In this meta-analysis, there were three RCTs and three cohort studies. There was no significant difference in incidence of ENF between IFRT and ENI either among RCTs (RR = 1.38, 95 % CI: 0.59–3.25, p = 0.46) or among cohort studies (RR = 0.99, 95 % CI: 0.46–2.10, p = 0.97) assuming a fixed-effects model. The Cochran’s Q test resulted in a p = 0.48 and a p = 0.92 respectively, and the quantity I2 both were 0 %, indicating that the studies were homogeneous. So we performed a combined analysis of RCTs and cohort studies, and there was also no significant difference in incidence of ENF between IFRT and ENI assuming a fixed-effects model (RR = 1.15, 95 % CI: 0.65–2.01, p = 0.64). The quantity I2 was also 0 %, indicating that there was no evidence of heterogeneity among all the included studies.

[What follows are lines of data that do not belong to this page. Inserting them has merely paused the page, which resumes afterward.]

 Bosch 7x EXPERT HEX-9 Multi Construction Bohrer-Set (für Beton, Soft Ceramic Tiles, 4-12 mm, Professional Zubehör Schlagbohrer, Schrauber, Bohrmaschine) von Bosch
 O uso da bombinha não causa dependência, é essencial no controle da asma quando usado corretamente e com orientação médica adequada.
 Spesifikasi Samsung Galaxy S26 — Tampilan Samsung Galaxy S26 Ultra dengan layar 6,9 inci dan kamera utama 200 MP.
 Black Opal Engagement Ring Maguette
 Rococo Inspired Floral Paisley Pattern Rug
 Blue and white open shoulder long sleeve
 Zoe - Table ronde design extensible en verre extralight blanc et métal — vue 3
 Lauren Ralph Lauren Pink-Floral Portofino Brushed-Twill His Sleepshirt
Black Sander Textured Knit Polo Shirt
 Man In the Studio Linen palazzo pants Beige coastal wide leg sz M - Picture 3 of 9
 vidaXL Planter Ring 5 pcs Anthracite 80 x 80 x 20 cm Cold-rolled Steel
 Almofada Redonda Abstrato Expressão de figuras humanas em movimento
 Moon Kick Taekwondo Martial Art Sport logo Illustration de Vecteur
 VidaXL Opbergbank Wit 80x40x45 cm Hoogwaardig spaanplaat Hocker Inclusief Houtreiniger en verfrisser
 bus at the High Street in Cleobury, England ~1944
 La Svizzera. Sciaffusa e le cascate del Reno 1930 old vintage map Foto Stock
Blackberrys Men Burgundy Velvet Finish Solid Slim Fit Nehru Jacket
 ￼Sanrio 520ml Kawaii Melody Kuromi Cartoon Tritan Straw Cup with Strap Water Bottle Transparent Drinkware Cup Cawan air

Our meta-analysis demonstrated that the difference in incidence of ENF was not significant between IFRT and ENI. This meta-analysis had two main strengths. Firstly, it summarized the highest quality data available comparing IFRT with ENI for locally advanced NSCLC patients until now. Secondly, there was no heterogeneity in the results of the included studies. Nevertheless, this meta-analysis had several limitations. Firstly, the quality of the data was different. For example, this meta-analysis included three cohort studies, which lacked the experimental random allocation of the intervention in contrast to RCTs. Secondly, we compared outcomes across studies but not within studies, so the balance of baseline characteristics between the treatment groups might be neglected. For example, the IFRT group received higher radiation doses than the ENI group in most studies, and statistical analysis showed that the difference was significant in some studies [12, 14]. Thirdly, the follow-up time was relatively short in some studies [13], and some patients might have not suffered from ENF or have died before they suffered from ENF.

Conclusion

To the best of our knowledge, this is the first meta-analysis of published studies to evaluate the difference in incidence of ENF between IFRT and ENI. It provides more reliable and stable evidence that there is no significant difference in incidence of ENF between IFRT and ENI. IFRT will inevitably take the place of ENI.